*Data for the task*:
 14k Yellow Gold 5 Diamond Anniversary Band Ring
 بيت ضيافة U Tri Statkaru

---

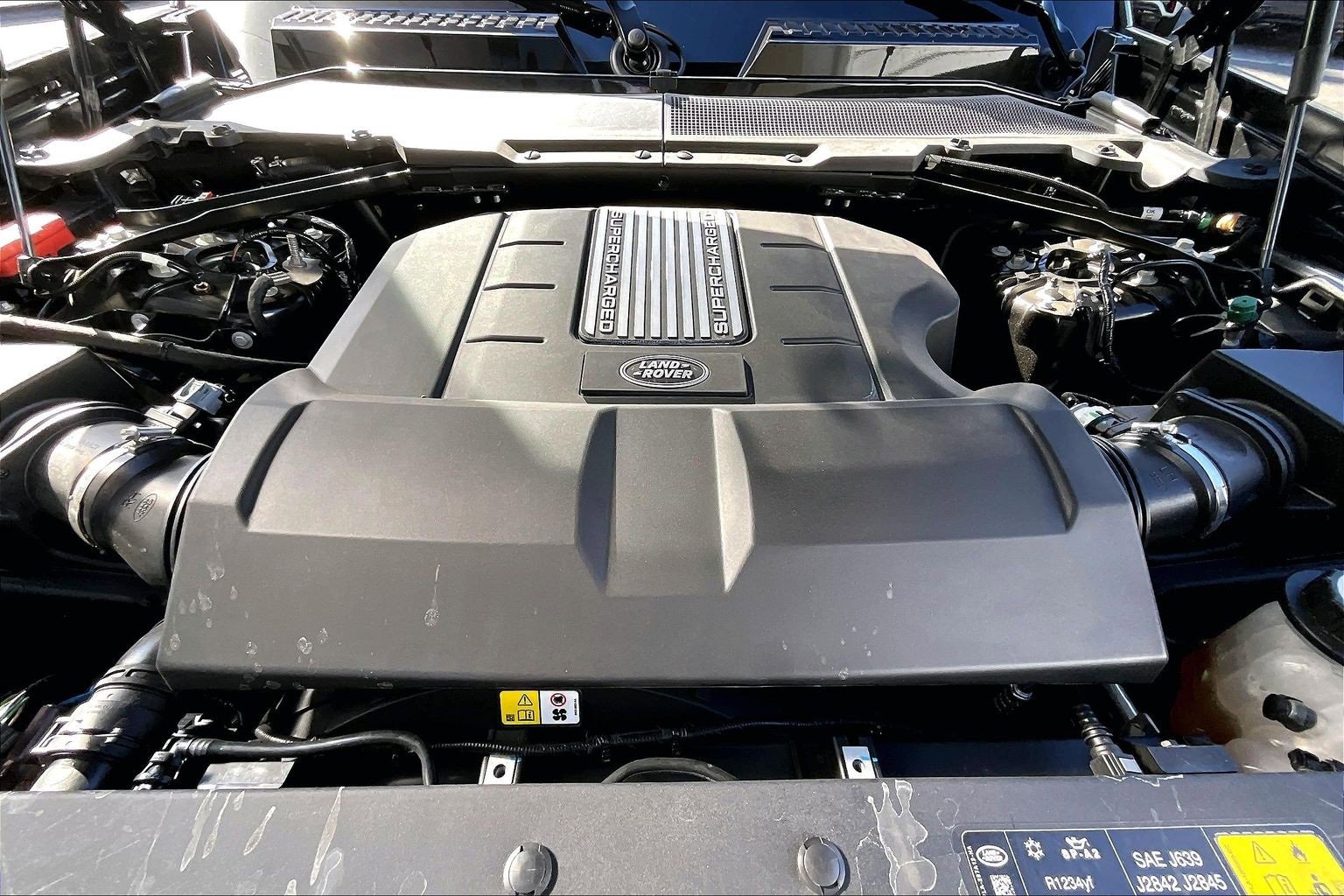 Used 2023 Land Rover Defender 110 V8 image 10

*Task prompt*: What you give back should be exactly the lines of the data above from the line with "14k Yellow Gold" through the line with "بيت ضيافة U Tri Statkaru", both of those included, and nothing more.

*Written solution*:
 14k Yellow Gold 5 Diamond Anniversary Band Ring
 بيت ضيافة U Tri Statkaru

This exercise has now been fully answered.